▶ _What you are asked to do_
No pictures belong in the copy. Retype exactly, and only, the stretch of lines below from the one with "Phối cảnh phòng" through the one with "Mexican Blanket Ornament".

▶ _Data shown_
- - -

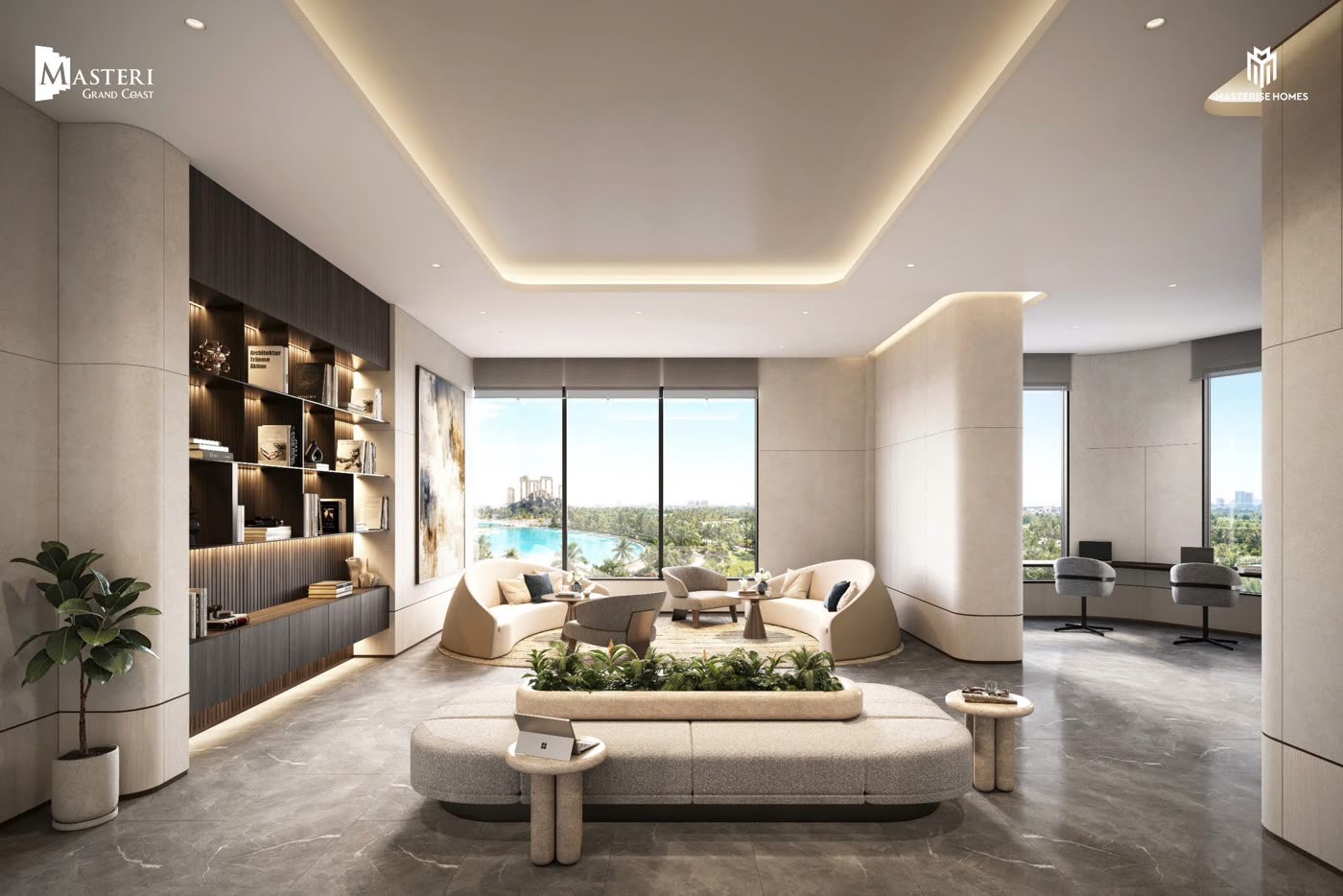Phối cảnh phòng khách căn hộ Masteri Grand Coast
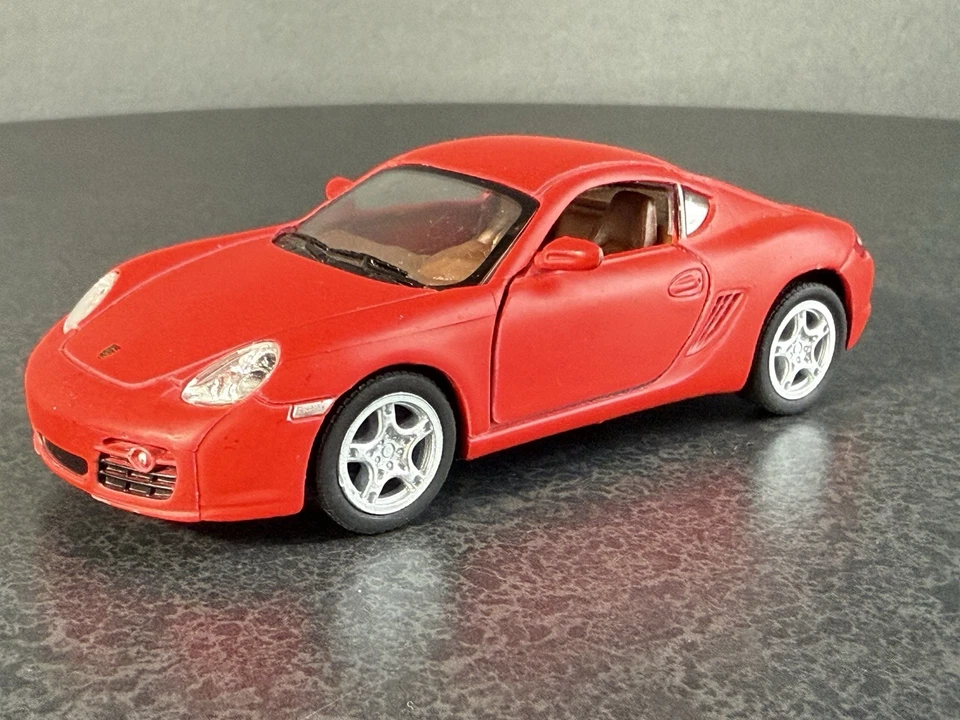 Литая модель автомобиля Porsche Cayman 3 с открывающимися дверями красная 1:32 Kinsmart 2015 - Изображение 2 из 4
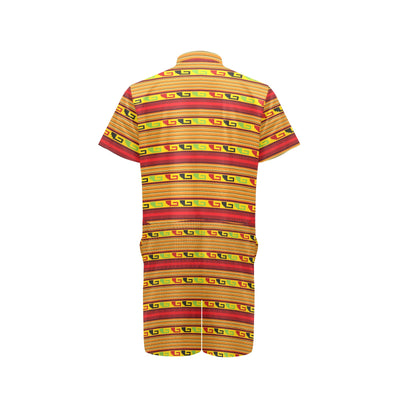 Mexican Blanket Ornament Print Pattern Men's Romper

- - -

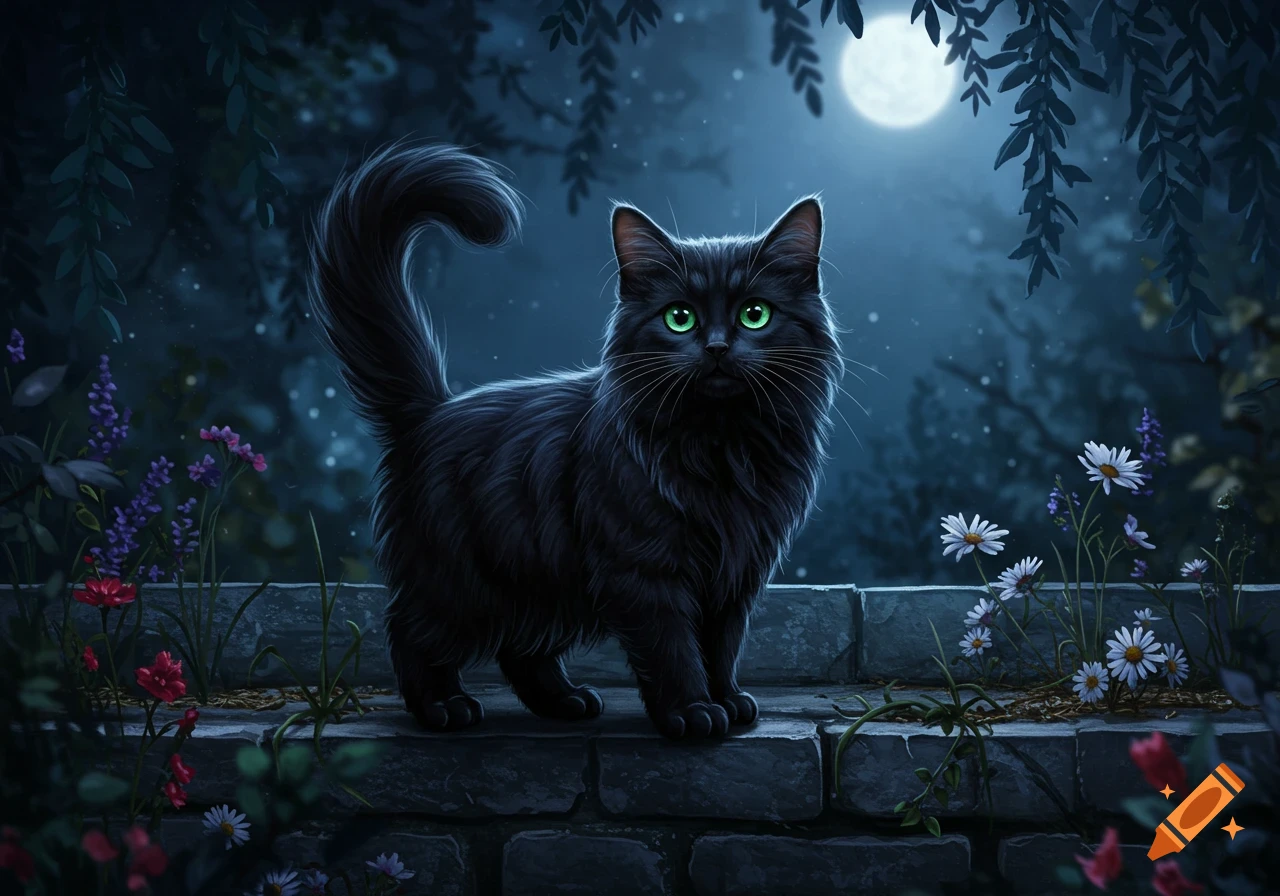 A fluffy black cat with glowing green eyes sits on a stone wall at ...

- - -

▶ _Exercise response_
Phối cảnh phòng khách căn hộ Masteri Grand Coast
 Литая модель автомобиля Porsche Cayman 3 с открывающимися дверями красная 1:32 Kinsmart 2015 - Изображение 2 из 4
 Mexican Blanket Ornament Print Pattern Men's Romper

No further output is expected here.